La analogía entre la Roma imperial de hace mil años y el imperialismo moderno peca de ligereza y superficialidad. Inclusive la analogía entre el nazifascismo hitleriano y el cristianismo fundamentalista-sionista antijudío y antiárabe (o sea doblemente racista y doblemente antisemita) tampoco ayuda a vislumbrar los desafíos que atraviesa el mundo político contemporáneo.
Derrotado por una humanidad que sin distinción de ideologías se levantó en armas para combatirlo, el nazifascismo duró poco más de 20 años. En cambio, el imperialismo estadunidense lleva dos siglos de ejercicio y, con el respeto debido a los movimientos sociales que se le oponen en los cinco puntos de la Tierra, nada indica que por ahora su curso pueda ser revertido.
Los romanos y los nazis fueron cuidadosos a la hora de saquear el patrimonio cultural de los pueblos que conquistaban. El bombardeo de la flota romana sobre Alejandría acabó con 400 mil volúmenes de su famosa biblioteca. Pero esta destrucción no fue deliberada y obligó moralmente a Roma a indemnizar a los ptolomeos con miles de volúmenes de sus bibliotecas.
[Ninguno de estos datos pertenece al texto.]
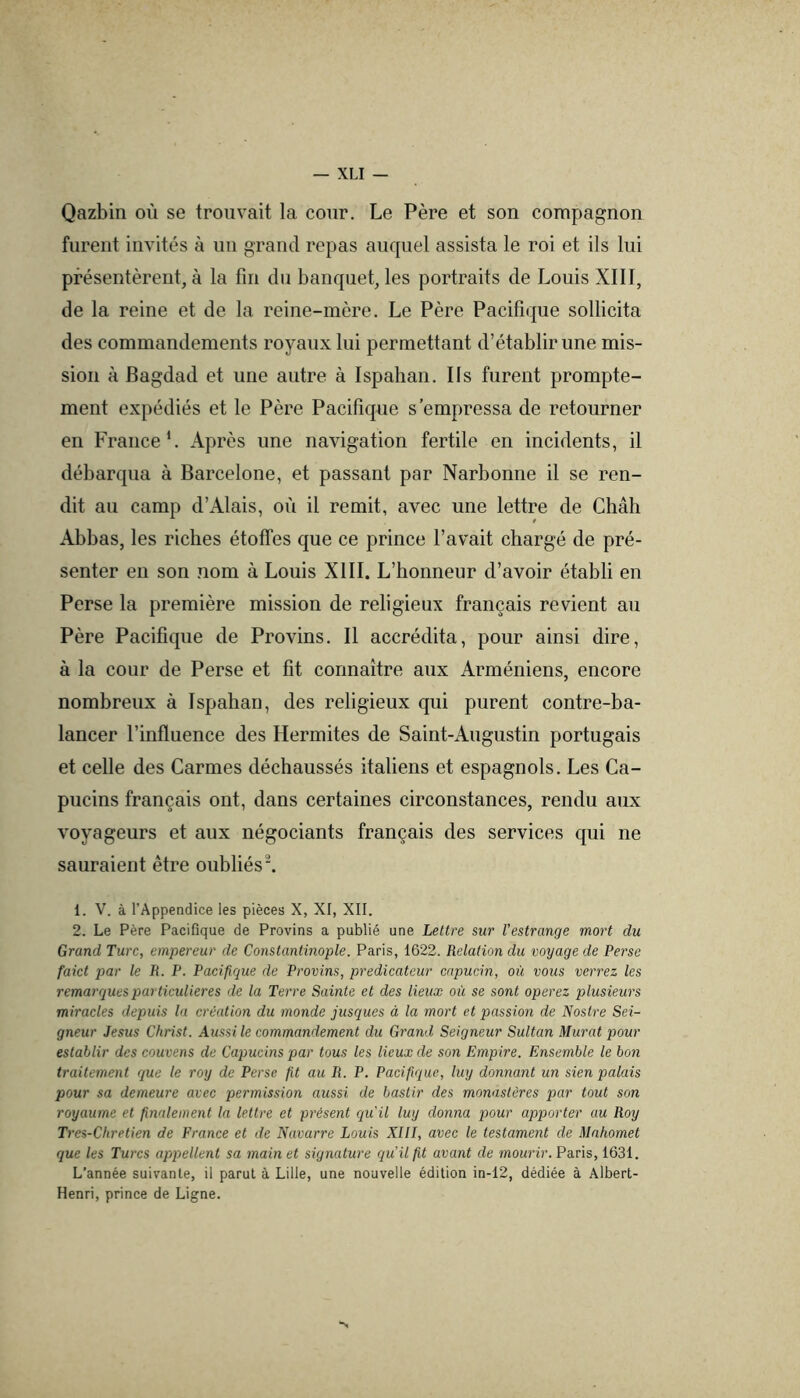 Qazbin où se trouvait la cour. Le Père et son compagnon furent invités à un grand repas auquel assista le roi et ils lui présentèrent, à la fin du banquet, les portraits de Louis XIII, de la reine et de la reine-mère. Le Père Pacifique sollicita des commandements royaux lui permettant d’établir une mis- sion à Bagdad et une autre à Ispahan. Ils furent prompte- ment expédiés et le Père Pacifique s’empressa de retourner en France L Après une navigation fertile en incidents, il débarqua à Barcelone, et passant par Narbonne il se ren- dit au camp d’Alais, où il remit, avec une lettre de Chah Abhas, les riches étoffes que ce prince l’avait chargé de pré- senter en son nom à Louis XIII. L’honneur d’avoir établi en Perse la première mission de religieux français revient au Père Pacifique de Provins. Il accrédita, pour ainsi dire, à la cour de Perse et fit connaître aux Arméniens, encore nombreux à Ispahan, des religieux qui purent contre-ba- lancer l’influence des Hermites de Saint-Augustin portugais et celle des Carmes déchaussés italiens et espagnols. Les Ca- pucins français ont, dans certaines circonstances, rendu aux voyageurs et aux négociants français des services qui ne sauraient être oubliés ^ 1. V. à l’Appeadice les pièces X, XI, XII. 2. Le Père Pacifique de Provins a publié une Lettre sur l’estrange mort du Grand Turc, empereur de Constantinople. Paris, 1622. Relation du voyage de Perse faict par le R. P. Pacifique de Provins, prédicateur capucin, où vo^ls verrez les remarques particulières de la Terre Sainte et des lieux où se sont operez plusieurs miracles depuis la création du monde jusques à la mort et passion de Nostre Sei- gneur Jésus Christ. Aussi le commandement du Grand Seigneur Sultan Murat pour establir des couvens de Capucins par tous les lieux de son Empire. Ensemble le bon traitement que le roy de Perse fit au R. P. Pacifique, luy donnant un sien palais pour sa demeure avec permission aussi de bastir des monastères par tout son royaume et finalement la lettre et présent qu'il luy donna pour apporter au Roy Tl •es-Chretien de France et de Navarre Louis XIII, avec le testament de Mahomet que les Tu7'cs appellent sa main et signature qu’il fit avant de mourir. Paris, 1631. L’année suivante, il parut à Lille, une nouvelle édition in-12, dédiée à Albert- Henri, prince de Ligne.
En cambio, la reciente destrucción y pillaje de los museos de Bagdad fue un intento deliberado y sospechosamente planificado de borrar la memoria de la humanidad anterior a Abraham.
Con todo, hay tribunos del imperialismo yanqui que hablan con el mismo tenor irónico y doloroso de un Séneca, quien en tiempos de Nerón fue capaz de decir ante el Senado: "los romanos somos demasiado arrogantes, duros y violentos con nuestros esclavos". Es el caso del discurso del senador Robert C. Byrd, decano del Congreso de Estados Unidos, pronunciado ante el pleno del Senado el 21 de mayo pasado ("La verdad saldrá a flote", La Jornada, 23/5/03).
"...la verdad -dijo Byrd- siempre encuentra con el tiempo la forma de escabullirse entre las grietas. El peligro, sin embargo, es que en algún momento ya no importe. El peligro es que se infiera el daño antes que la verdad se comprenda por completo."
Palabras que deberían ser suscritas por cualquier persona interesada en ver más allá de sus narices. Implícitamente, el así llamado "virginiano occidental del siglo xx" nos dijo que los césares de la Roma antigua y Adolfo Hitler fueron tímidos rufianes de esquina en comparación con lo que hoy representan George W. Bush y Ariel Sharon.